Task requirements =>
Each line of the data below from the one holding "silueta ženy stojící" to the one holding "Pedalando nel bosco", inclusive, is to be reproduced exactly; no other line belongs in the answer.

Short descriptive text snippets
- Opening Delimiter -
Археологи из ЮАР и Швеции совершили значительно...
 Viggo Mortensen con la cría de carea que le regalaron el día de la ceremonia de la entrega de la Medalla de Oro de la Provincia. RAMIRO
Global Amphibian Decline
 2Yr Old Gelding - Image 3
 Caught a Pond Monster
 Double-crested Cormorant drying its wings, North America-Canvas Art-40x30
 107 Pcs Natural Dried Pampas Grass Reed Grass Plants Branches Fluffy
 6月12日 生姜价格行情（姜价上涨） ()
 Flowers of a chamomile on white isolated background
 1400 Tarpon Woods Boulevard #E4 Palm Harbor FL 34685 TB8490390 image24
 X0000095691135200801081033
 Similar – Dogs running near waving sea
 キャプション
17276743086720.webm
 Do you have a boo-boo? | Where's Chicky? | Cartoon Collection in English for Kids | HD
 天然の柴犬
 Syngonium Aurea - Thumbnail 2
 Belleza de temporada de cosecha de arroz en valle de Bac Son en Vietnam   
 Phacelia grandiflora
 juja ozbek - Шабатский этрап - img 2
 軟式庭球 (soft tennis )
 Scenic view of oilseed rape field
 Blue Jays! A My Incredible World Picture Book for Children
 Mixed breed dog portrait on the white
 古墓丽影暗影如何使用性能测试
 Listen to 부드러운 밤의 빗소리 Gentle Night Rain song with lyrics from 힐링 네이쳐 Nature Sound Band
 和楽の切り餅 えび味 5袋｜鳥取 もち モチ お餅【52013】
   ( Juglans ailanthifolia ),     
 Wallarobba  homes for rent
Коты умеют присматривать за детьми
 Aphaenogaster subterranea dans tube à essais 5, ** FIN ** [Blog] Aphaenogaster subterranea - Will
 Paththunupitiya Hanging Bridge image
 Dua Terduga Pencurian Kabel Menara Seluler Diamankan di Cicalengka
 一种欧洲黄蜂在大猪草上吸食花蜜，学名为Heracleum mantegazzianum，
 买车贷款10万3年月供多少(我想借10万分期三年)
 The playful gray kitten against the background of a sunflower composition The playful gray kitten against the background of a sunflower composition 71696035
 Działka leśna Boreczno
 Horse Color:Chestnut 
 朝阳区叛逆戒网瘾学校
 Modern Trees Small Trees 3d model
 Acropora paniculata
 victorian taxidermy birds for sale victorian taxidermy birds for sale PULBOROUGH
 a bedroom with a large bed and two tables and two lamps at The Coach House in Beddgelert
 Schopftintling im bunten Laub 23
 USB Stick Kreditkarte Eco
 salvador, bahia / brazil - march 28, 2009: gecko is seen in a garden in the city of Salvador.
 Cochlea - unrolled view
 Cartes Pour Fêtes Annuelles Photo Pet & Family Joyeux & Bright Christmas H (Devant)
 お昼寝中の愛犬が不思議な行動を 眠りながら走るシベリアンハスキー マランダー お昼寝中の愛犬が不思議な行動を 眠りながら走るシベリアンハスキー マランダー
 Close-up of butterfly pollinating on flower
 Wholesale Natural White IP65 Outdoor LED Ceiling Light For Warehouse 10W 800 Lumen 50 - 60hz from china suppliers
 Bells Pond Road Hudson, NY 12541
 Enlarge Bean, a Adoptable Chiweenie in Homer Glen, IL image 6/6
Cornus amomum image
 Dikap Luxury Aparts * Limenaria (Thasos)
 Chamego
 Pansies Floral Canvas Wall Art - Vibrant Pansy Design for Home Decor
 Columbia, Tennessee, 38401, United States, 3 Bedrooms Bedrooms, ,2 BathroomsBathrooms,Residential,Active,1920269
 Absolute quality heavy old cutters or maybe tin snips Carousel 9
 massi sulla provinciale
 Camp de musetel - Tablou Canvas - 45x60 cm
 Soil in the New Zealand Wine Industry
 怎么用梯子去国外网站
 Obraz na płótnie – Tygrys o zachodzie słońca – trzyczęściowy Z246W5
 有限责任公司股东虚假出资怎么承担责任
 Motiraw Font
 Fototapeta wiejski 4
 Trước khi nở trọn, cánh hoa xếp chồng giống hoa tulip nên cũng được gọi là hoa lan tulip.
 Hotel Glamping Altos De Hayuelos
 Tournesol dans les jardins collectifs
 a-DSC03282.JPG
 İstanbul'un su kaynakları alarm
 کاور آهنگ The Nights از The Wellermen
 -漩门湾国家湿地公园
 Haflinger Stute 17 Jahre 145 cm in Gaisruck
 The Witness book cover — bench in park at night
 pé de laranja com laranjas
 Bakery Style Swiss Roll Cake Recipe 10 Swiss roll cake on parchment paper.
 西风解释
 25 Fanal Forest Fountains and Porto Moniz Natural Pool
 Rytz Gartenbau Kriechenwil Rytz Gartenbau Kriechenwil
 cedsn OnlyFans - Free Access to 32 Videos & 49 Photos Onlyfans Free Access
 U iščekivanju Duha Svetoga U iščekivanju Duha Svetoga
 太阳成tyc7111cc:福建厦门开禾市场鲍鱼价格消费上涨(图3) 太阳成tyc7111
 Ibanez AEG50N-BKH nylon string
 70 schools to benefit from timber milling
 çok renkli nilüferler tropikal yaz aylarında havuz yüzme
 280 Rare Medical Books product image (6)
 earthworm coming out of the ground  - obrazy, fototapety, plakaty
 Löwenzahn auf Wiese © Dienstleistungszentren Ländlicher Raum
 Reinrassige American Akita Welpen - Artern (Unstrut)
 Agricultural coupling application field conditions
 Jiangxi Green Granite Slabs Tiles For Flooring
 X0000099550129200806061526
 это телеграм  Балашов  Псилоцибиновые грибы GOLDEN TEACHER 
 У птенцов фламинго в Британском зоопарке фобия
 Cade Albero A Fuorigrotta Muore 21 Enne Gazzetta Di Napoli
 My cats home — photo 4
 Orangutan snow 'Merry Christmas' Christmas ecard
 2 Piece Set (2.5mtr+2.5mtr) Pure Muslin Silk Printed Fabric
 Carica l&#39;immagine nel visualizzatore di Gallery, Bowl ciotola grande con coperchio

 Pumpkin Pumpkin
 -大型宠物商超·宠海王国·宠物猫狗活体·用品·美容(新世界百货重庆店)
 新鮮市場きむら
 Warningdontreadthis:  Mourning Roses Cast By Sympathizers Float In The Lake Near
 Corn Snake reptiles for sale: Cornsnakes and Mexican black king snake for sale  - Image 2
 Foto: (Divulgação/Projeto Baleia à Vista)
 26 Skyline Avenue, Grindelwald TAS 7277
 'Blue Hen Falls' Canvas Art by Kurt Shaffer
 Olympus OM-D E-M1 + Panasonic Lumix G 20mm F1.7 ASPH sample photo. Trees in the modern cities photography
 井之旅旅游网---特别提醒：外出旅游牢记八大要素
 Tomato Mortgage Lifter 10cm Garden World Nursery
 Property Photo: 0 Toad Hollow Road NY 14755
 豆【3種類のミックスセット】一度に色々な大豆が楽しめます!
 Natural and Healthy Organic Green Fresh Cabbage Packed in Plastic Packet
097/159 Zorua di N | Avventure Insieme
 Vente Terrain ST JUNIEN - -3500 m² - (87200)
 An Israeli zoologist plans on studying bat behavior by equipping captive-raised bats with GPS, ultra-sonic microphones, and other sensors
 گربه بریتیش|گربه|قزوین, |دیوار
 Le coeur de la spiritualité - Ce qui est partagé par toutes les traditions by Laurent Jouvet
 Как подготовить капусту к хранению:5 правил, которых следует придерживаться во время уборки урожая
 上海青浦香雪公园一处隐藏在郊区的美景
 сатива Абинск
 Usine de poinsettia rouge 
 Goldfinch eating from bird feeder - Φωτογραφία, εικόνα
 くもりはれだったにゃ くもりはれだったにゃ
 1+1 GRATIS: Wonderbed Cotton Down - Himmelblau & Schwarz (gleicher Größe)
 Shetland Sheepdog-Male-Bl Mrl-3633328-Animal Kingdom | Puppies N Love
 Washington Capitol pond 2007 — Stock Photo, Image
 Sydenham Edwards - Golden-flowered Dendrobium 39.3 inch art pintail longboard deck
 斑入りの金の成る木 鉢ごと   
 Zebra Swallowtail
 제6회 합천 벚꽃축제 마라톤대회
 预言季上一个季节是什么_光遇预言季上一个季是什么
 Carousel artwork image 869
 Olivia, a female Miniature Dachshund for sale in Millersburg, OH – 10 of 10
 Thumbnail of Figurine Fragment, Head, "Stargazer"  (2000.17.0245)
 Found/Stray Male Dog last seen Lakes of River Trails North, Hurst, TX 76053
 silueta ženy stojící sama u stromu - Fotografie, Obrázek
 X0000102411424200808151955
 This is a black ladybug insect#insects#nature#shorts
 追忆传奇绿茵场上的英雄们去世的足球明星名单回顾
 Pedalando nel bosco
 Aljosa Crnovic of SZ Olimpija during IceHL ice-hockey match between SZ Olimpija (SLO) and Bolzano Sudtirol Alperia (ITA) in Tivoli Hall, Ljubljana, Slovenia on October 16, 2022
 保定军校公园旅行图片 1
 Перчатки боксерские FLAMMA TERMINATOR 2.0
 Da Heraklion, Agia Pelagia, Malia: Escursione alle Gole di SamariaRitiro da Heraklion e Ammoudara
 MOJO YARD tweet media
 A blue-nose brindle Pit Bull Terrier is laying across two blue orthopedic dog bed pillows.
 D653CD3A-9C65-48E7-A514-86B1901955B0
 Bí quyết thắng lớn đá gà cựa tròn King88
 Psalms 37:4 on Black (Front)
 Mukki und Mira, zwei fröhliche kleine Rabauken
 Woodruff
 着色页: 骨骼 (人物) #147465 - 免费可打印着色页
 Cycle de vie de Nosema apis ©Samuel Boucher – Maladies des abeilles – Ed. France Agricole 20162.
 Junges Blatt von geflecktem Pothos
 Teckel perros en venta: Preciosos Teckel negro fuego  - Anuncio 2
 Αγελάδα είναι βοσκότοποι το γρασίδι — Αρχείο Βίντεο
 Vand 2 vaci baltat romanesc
- Closing Delimiter -
Result below =>
 silueta ženy stojící sama u stromu - Fotografie, Obrázek
 X0000102411424200808151955
 This is a black ladybug insect#insects#nature#shorts
 追忆传奇绿茵场上的英雄们去世的足球明星名单回顾
 Pedalando nel bosco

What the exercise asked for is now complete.